In a 2002 New York Times best-seller called Salt- A World History, the author Mark Kurlansky informs us that salt is more than the simple food additive that appears on our tables.  He documents that wars have been fought over it; it has been used as currency; governements have been formed and have fallen because of it; and it has been one of the most valuable and sought-after commodities the world has ever seen.  The ancient Chinese, Egyptians, and Celts were some of the peoples of history who developed methods to produce salt and to bring it to market.  Today, salt is one of the newer gourmet products available.  You can get Himalayan Pink Salt, Grey Sea Salt from France, and Hawaiian Red Salt.  The color, characteristics, shape, and flavor depend on the area in which it is harvested.  Kosher salt is one of the most popular of the gourmet salts on the market due to its coarseness and texture.  What does salt have to do with Vayikra?

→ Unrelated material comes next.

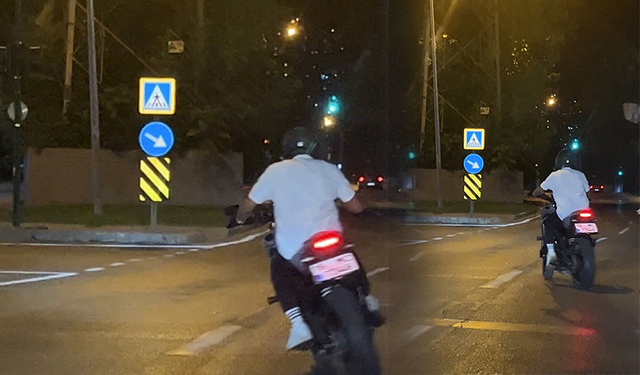 Bursa Osmangazi'de drift atarak trafiği tehlikeye sokan motosikletli kamerada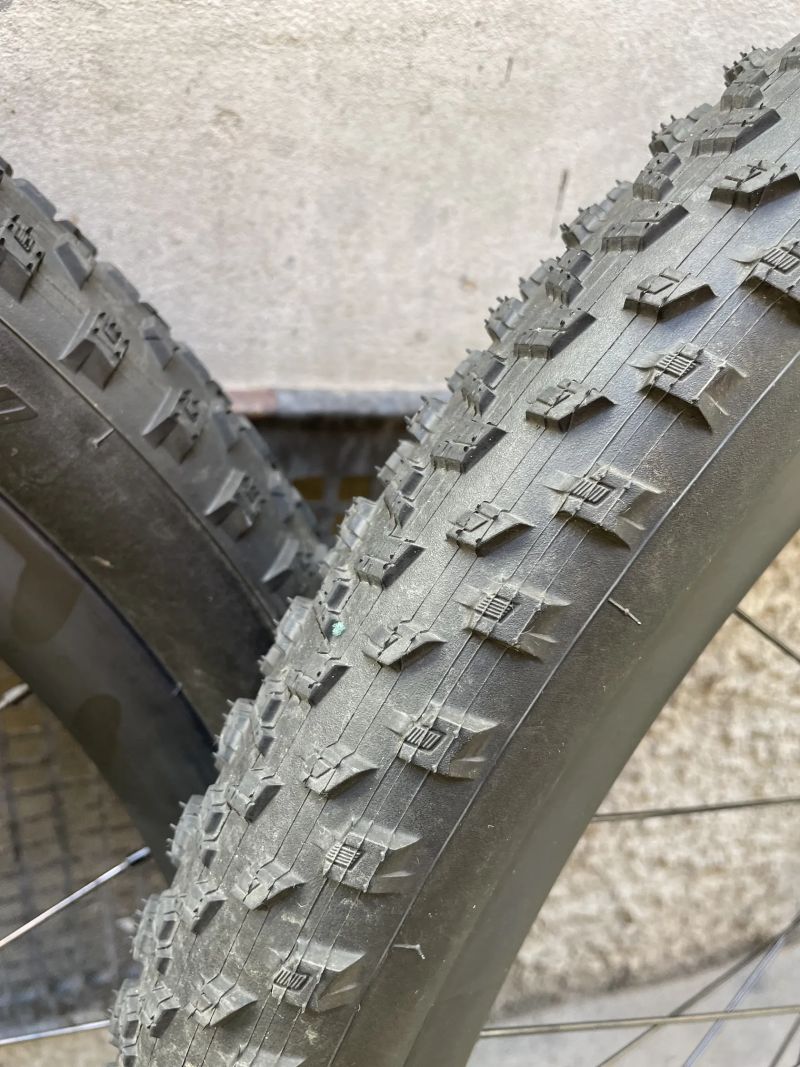 Kola Specialized Roval Carbon Control 622x25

In Perek Beis, Pasuk yud gimel, the Torah says, Al kol korbankha takriv melach.  All of the sacrifices had to be seasoned with salt.  V'lo tashbis melach bris Elokekha.  G-d's Covenant of Salt shall not cease from your offering.  Rashi explains that the covenant relating to salt goes back to Creation.  On day 2, G-d split the upper waters from the lower waters.  The lower waters complained that they were far away from G-d while the upper waters were closer.  In respone G-d said not to worry.  The lower waters from the oceans will be used as a libation upon the altar and will rise heavenward each day.  The salt in the ocean would also be used to season the offerings.

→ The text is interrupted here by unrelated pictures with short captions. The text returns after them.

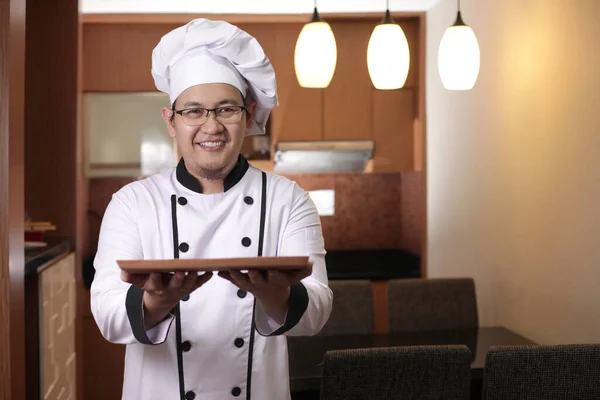 Portret Van Aziatische Mannelijke Chef Kok Kijkt Blij Trots Presenteren — Stockfoto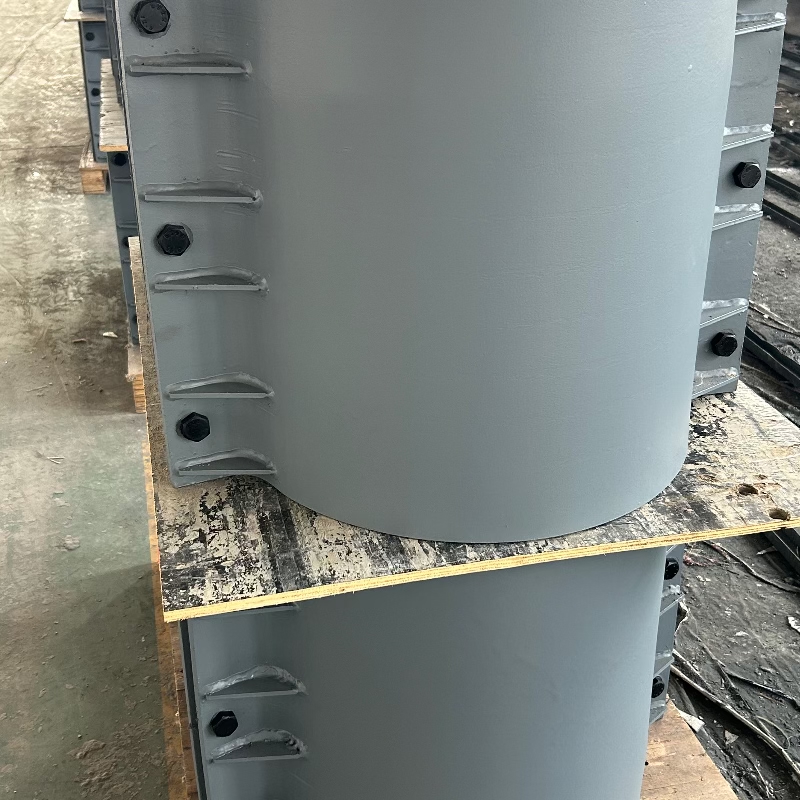 Vermiculite Insulated Pipe Holder Used in Steam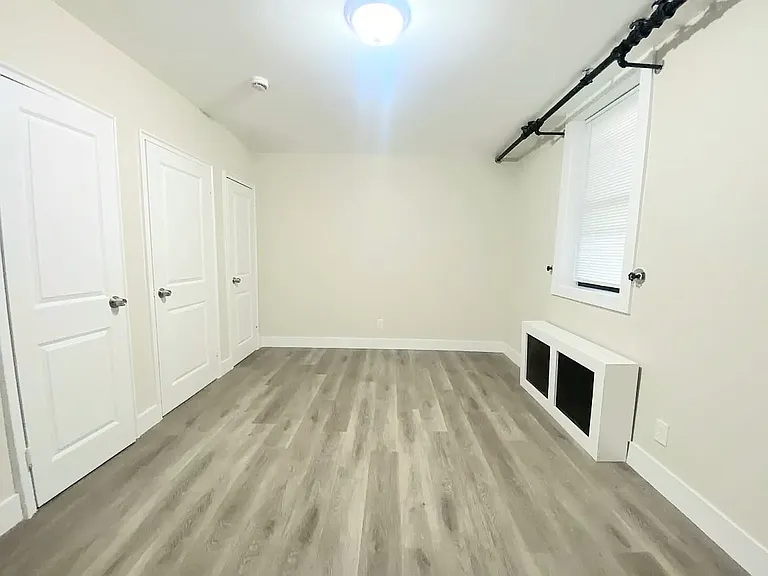116 S Grove St #B1 — Photo 5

In commentaries there are three approaches to understanding the presence of salt on the altar.  First, salt adds flavor; not that G-d has to "taste" the offering, but in human terms we present to G-d that which is palatable to us.  Second, salt functions as a preservative.  On the altar, the salt serves to preserve the covenant between G-d and Israel.  Third, salt enhances the natural flavor of food.  When we taste salt on our tongues, our tase buds get stimulated so that we taste in a more intense way the flavor of the food we are eating at that moment. 

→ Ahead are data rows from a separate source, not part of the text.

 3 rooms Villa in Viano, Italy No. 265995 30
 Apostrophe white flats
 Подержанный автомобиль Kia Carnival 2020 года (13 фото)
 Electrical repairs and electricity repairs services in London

This explanation can be applied in the context of our service of G-d.  All of us have natural abilities according to our particular leanings.  Adding "spiritual salt" we will enhance our natural characteristics.  On Shabbat we commemorate this practice by adding salt to our challah, becasue our table becomes an altar to G-d.  Let's stimulate our spiritual qualities, and may our service always be pleasing in the sight of G-d.